CONVERGE is an interdisciplinary research project funded by the European Commission’s 7th Framework Programme. The team comprises nine partners from industrialised nations (Sweden, the UK and Iceland), transition economies (Hungary) and rapidly industrialising nations (India).
Humankind depends on the natural environment, yet human activities are rapidly carrying us to an unsustainable situation at global and regional levels. We are exploring the idea of global equity in the light of biophysical planetary limits. We recognize that Earth’s resources are not equally distributed; some people, communities or nations are using much more, and some much less, than their fair share. At the same time, the rate of consumption of many resources exceeds the capacity of our planet to supply them. Our vision is of a world that stops 'borrowing from our children’, and shares our Earth’s resources equitably. We call this movement towards a 'fair share within the Earth’s limits' Convergence.

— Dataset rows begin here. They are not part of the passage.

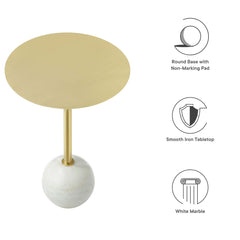 Aliza White/Brass Round White Marble Side Table - Ornate Home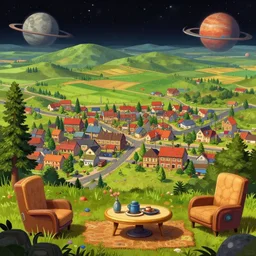 view from a hill overlooking a small town, with farms in the background, on a remote planet, with retro sci fi furniture, from a space themed point and click 2 d graphic adventure game, detailed, set design inspired slightly by hg giger, art inspired by thomas kinkade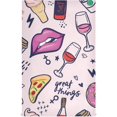 thumbnail image 1 of Coffee Wine Pattern Tea Towels Set of 1 Funny Pizza Lip Kitchen Dish Cloth with Hanging Loop, 18"x28"Lint-Free Absorbent Towel for Kitchen Drying Wiping and Cleaning, 1 of 6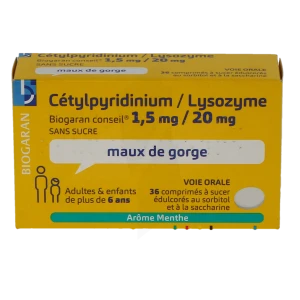 Cetylpyridinium / Lysozyme Biogaran Conseil 1,5 Mg/20 Mg Sans Sucre, Comprimé à Sucer édulcoré Au Sorbitol Et à La Saccharine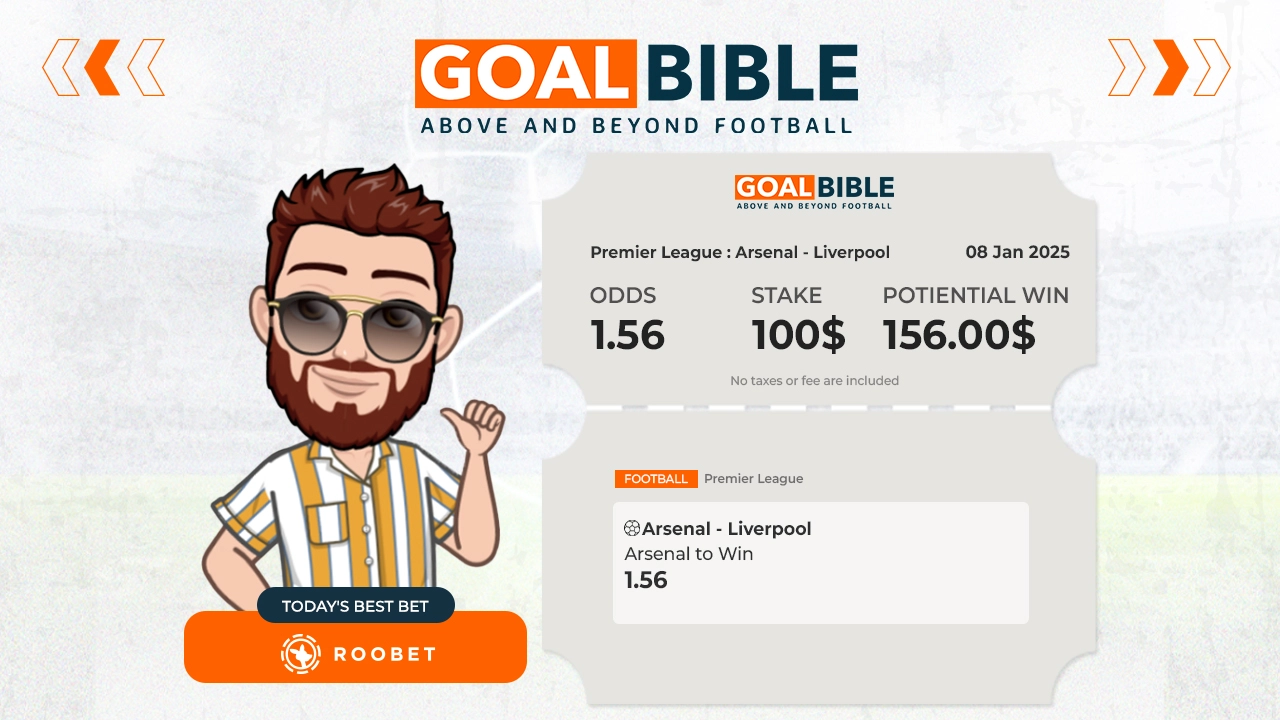 Premier League Arsenal vs Liverpool best & free betting tips with Roobet by GoalBible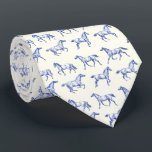 Elegant Vintage Galloping Horses Blue Toile  Tie<br><div class="desc">Monochrome toile pattern with old illustrations of horses moving in different gaits: walking, pacing, trotting, cantering and galloping The horse is a majestic animal that embodies the spiritual power of independence, freedom, nobleness, endurance, confidence, triumph, heroism and competition. Its symbol is associated with strength, courage and freedom. The design will...</div>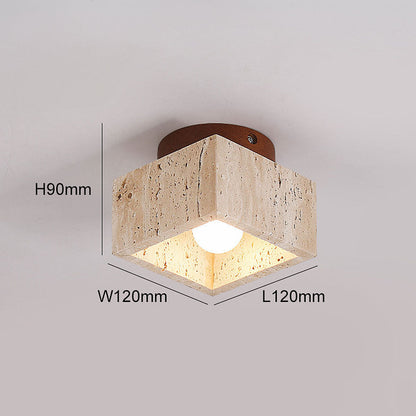 Cylindrical Wood Ceiling Light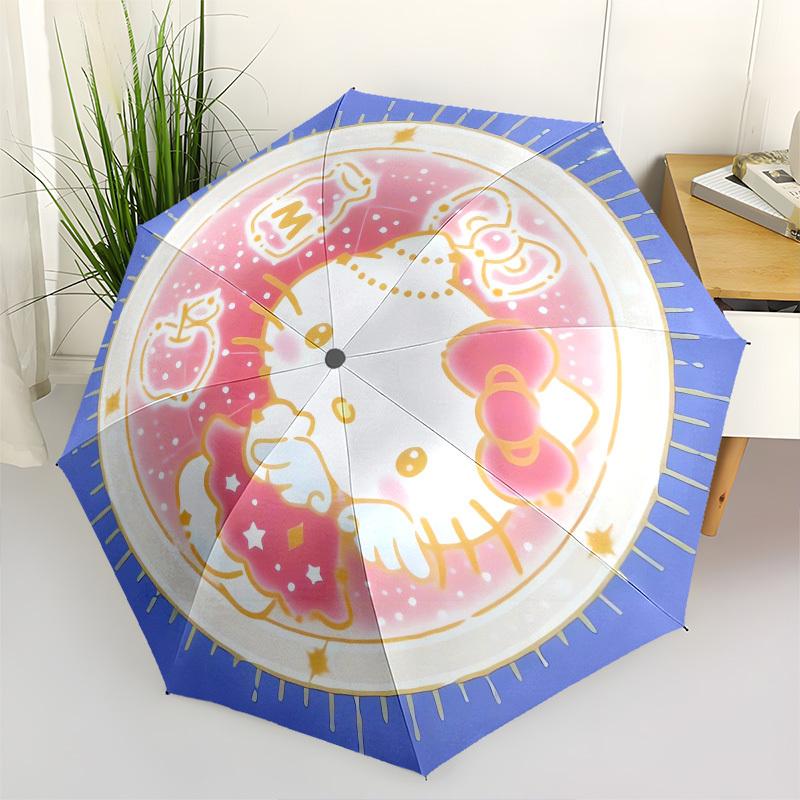 1pc Hello Kitty Milk Apple Umbrella with Plastic Handle,Suitable for All Seasons Home Travel Outdoor UmbrellaSanlio050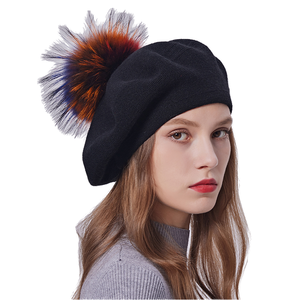 Bonnet tricoté noir avec pompon en fourrure multicolore pour femme, chapeau d'hiver décontracté 56-58CM - Product Image 1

Our goal is to build up a body of knowledge in natural and social science around this complex global sustainability issue, and present a ‘CONVERGE narrative' developed jointly by academics, sustainability practitioners and a range of communities around the world who seek to translate the ideas of sustainability science into practice.
Our research has been inspired by the Global Commons Institute’s concept of Contraction and Convergence ™(C&C, Meyer 2002), which suggests a way to avoid dangerous climate change by stabilising atmospheric concentrations of greenhouse gases while promoting global social equity. C&C is based on the principle that every person has the right to emit an equal per-capita share of carbon. If safe, or acceptable, levels of global carbon emissions are estimated, then each country’s equitable allocation can be defined, and the world can begin to reduce emissions overall.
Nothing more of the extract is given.